== What to do ==
Starting at the top of the data and ending with the line that holds "Men's Natural Leather", transcribe each line exactly; include both ends.

[Saved data entries]
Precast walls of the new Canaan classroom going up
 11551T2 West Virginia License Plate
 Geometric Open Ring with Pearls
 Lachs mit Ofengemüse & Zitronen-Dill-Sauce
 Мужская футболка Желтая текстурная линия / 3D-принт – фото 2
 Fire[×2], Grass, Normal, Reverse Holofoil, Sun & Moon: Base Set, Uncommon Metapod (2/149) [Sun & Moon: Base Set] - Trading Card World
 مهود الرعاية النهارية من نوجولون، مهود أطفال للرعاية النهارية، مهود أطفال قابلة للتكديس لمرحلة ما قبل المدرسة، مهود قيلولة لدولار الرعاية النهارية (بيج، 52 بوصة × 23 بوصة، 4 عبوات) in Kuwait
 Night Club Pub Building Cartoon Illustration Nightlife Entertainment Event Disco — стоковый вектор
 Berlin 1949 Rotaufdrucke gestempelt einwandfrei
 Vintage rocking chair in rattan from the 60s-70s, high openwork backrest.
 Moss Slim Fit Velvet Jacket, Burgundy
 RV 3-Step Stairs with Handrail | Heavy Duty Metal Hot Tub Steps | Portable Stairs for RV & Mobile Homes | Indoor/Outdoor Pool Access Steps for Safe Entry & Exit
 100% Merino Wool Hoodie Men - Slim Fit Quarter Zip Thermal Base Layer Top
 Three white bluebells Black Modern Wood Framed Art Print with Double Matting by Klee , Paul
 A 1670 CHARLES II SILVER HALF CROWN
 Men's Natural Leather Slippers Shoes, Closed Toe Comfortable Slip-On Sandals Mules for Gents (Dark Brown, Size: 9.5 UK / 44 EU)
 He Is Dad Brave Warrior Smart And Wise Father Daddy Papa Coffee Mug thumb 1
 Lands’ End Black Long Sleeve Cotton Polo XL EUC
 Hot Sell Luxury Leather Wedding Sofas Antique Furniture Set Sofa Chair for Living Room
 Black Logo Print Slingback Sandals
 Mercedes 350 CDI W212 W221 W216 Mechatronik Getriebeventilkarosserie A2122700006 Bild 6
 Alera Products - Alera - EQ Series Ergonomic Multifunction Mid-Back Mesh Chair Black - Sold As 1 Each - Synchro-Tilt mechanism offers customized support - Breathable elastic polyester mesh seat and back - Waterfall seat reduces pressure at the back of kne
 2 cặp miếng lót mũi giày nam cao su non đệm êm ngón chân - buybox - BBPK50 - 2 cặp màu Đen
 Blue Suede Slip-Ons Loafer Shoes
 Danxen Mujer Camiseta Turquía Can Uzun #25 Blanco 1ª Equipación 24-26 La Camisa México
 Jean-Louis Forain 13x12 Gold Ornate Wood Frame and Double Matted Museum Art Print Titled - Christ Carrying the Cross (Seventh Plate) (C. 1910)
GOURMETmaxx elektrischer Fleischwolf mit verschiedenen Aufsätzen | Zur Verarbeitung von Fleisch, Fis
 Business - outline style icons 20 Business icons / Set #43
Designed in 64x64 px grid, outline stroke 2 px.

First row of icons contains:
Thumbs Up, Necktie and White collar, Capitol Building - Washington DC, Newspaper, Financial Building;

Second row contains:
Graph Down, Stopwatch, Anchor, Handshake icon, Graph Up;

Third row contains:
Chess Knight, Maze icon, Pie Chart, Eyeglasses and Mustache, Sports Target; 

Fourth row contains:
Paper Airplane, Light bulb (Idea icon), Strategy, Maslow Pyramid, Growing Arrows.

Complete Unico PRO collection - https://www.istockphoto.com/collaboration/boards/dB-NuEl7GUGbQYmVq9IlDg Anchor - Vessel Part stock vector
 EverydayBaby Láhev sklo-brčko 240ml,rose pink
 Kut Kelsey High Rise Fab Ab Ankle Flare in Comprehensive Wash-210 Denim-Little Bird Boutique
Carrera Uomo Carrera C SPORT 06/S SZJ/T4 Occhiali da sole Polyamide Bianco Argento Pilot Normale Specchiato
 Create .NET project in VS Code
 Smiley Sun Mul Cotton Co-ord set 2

== Task solution ==
Precast walls of the new Canaan classroom going up
 11551T2 West Virginia License Plate
 Geometric Open Ring with Pearls
 Lachs mit Ofengemüse & Zitronen-Dill-Sauce
 Мужская футболка Желтая текстурная линия / 3D-принт – фото 2
 Fire[×2], Grass, Normal, Reverse Holofoil, Sun & Moon: Base Set, Uncommon Metapod (2/149) [Sun & Moon: Base Set] - Trading Card World
 مهود الرعاية النهارية من نوجولون، مهود أطفال للرعاية النهارية، مهود أطفال قابلة للتكديس لمرحلة ما قبل المدرسة، مهود قيلولة لدولار الرعاية النهارية (بيج، 52 بوصة × 23 بوصة، 4 عبوات) in Kuwait
 Night Club Pub Building Cartoon Illustration Nightlife Entertainment Event Disco — стоковый вектор
 Berlin 1949 Rotaufdrucke gestempelt einwandfrei
 Vintage rocking chair in rattan from the 60s-70s, high openwork backrest.
 Moss Slim Fit Velvet Jacket, Burgundy
 RV 3-Step Stairs with Handrail | Heavy Duty Metal Hot Tub Steps | Portable Stairs for RV & Mobile Homes | Indoor/Outdoor Pool Access Steps for Safe Entry & Exit
 100% Merino Wool Hoodie Men - Slim Fit Quarter Zip Thermal Base Layer Top
 Three white bluebells Black Modern Wood Framed Art Print with Double Matting by Klee , Paul
 A 1670 CHARLES II SILVER HALF CROWN
 Men's Natural Leather Slippers Shoes, Closed Toe Comfortable Slip-On Sandals Mules for Gents (Dark Brown, Size: 9.5 UK / 44 EU)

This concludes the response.